Similar to the United States, Hong Kong passed the 'Stablecoin Regulation Bill' in its third reading yesterday. The regulation is expected to take effect this year, giving the industry sufficient time to understand the licensing requirements, and also means Hong Kong becomes one of the first regions globally to complete stablecoin legislation. Hong Kong's stablecoin draft aims to provide a clear regulatory framework for the local market, promoting compliant stablecoin development.

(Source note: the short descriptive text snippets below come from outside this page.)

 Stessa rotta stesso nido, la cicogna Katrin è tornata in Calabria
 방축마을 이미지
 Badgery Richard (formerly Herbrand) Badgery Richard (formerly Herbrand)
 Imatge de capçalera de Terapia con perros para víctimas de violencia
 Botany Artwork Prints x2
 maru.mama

We anticipate that in the coming years, the global stablecoin market value will expand from the current $250 billion to trillions of dollars. More importantly, stablecoin compliance will attract more "quasi-dollar" funds, endowing core assets like Bitcoin and Ethereum with stronger hedging and value storage attributes. As these funds gradually flow in, Bitcoin and Ethereum are expected to see a 20%-50% valuation increase in the next 6-12 months. Simultaneously, the maturation of compliant channels will provide a bridge for long-term capital like pension funds and mutual funds to enter the crypto market, significantly enhancing market demand stability and effectively reducing structural risks. The interaction of policy dividends and market consensus is opening up a new growth space for Bitcoin and crypto assets.

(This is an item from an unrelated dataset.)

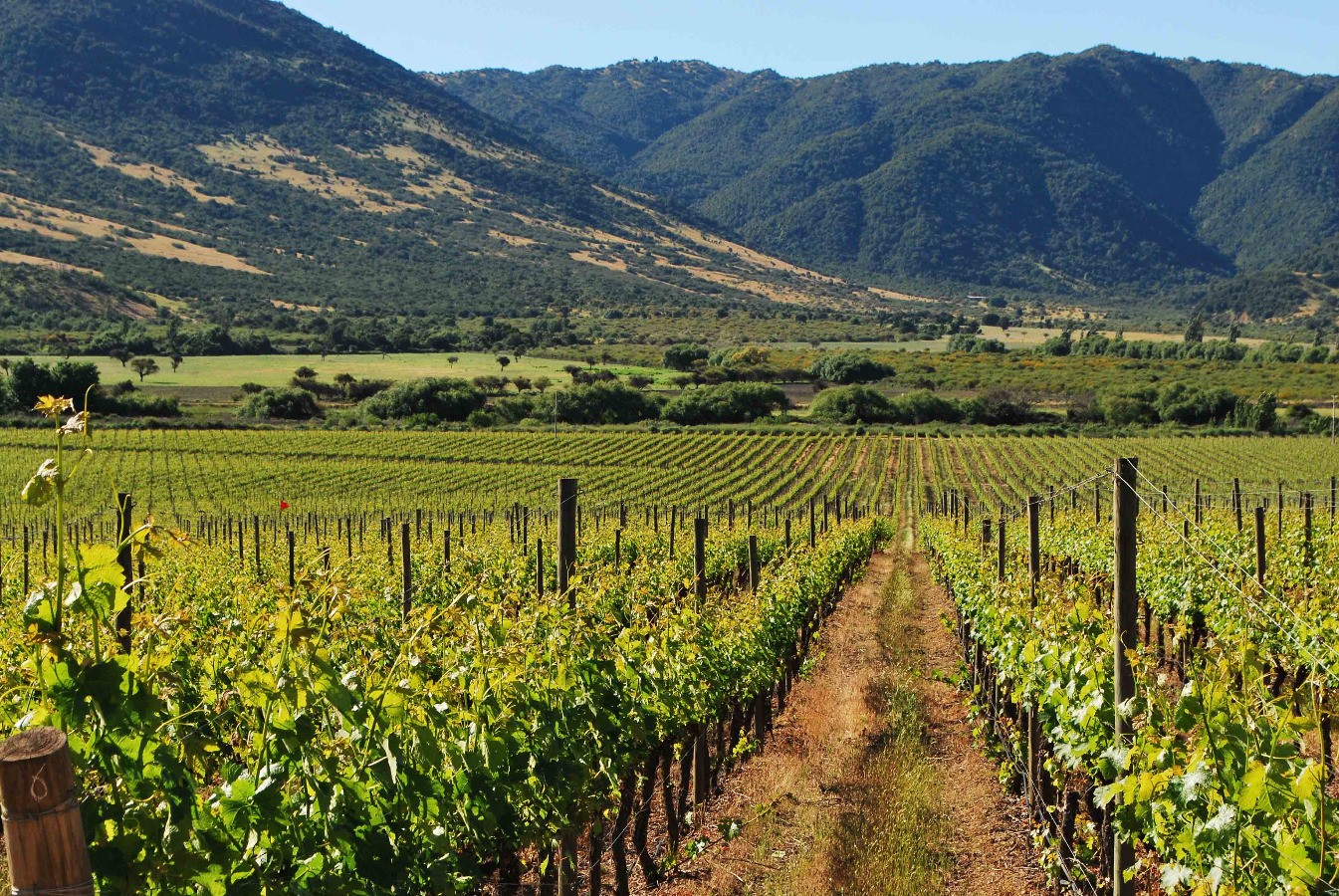 Colchagua — imagen 5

Beyond macro policy promotion, the market itself is reinforcing Bitcoin's scarcity logic. According to glassnode data, long-term Bitcoin holders' holdings have increased to 13.76 million coins, accounting for 65.6% of circulating supply, hitting a new high. Meanwhile, Bitcoin reserves on exchanges continue to decline, reaching only 2.437 million coins as of May 20th, the lowest level since 2018. This means tradable Bitcoin in the market is rapidly decreasing, and supply-demand mismatch further consolidates the basis for price increases.
Simultaneously, strong institutional fund inflows have become a powerful catalyst for market movement. MicroStrategy has added 7,390 more Bitcoins in the past week, with total holdings reaching 576,230 coins, valued at approximately $6.1 billion at current prices. Grayscale Bitcoin Trust (GBTC) and multiple Bitcoin ETFs have attracted over $633 million in net fund inflows over the past few weeks. Institutional investors' continuous layout through compliant channels not only strengthens market consensus on Bitcoin's scarcity and digital gold attributes but also establishes solid demand-side support for long-term price appreciation. This is a victory of "long-term thinking" - when institutions view Bitcoin as part of core asset allocation, its value ceiling is fundamentally reshaped.

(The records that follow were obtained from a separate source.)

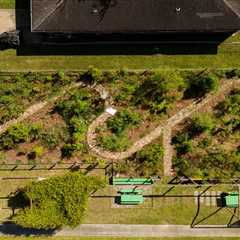 A Microforest Grows in New Orleans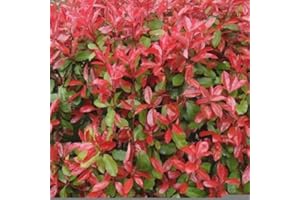 SCOT PLANTS DIRECT 5 x Photinia Red Robin 20-30cm in 9cm pot (a279)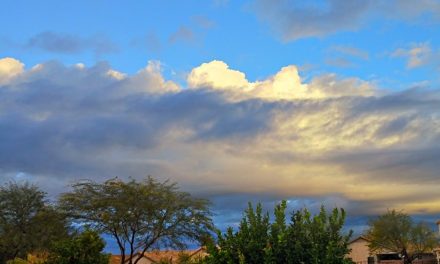 Did Your Phone Spring Ahead in Arizona?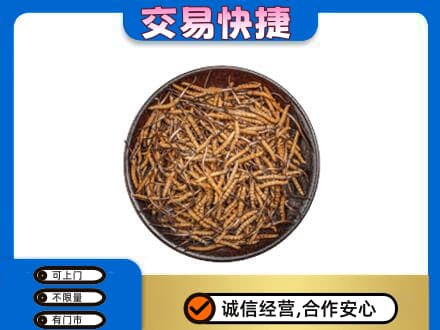 运城回收散虫草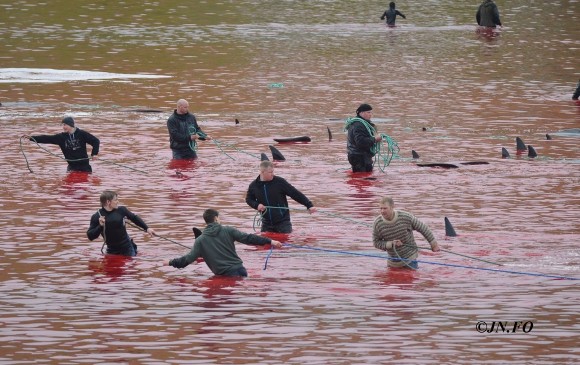 150 dauphins tués aux îles Féroé ! Grindj10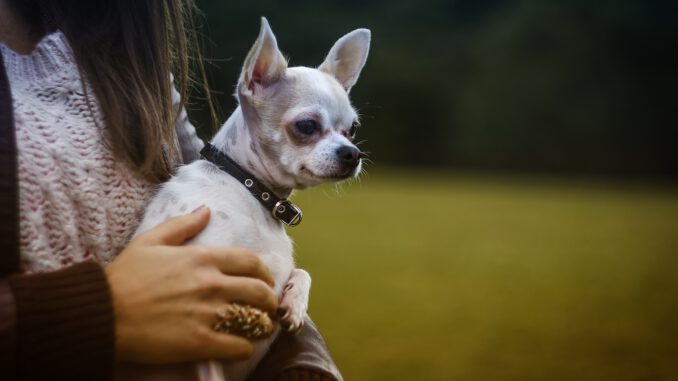 Den eigenen Hund geklaut? | Bild von Pexels auf Pixabay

The macroeconomic situation also provides excellent soil for Bitcoin's rise. Trump's early May statement about "historic cooperation with major powers" ignited market optimism about US-China trade easing. On May 12th, China and the US signed a tariff agreement, reducing mutually imposed tariffs from up to 84% to 10%. This unexpectedly policy breakthrough not only alleviates global economic uncertainty but also injects new upward momentum for risk assets like Bitcoin.
From policy relaxation to supply tightening, from institutional involvement to liquidity channel construction, this Bitcoin rally is the result of multiple logical resonances. Behind the historical high, it is not just a market fund carnival but also signifies that global capital is ushering in a new round of value consensus reconstruction for decentralized assets.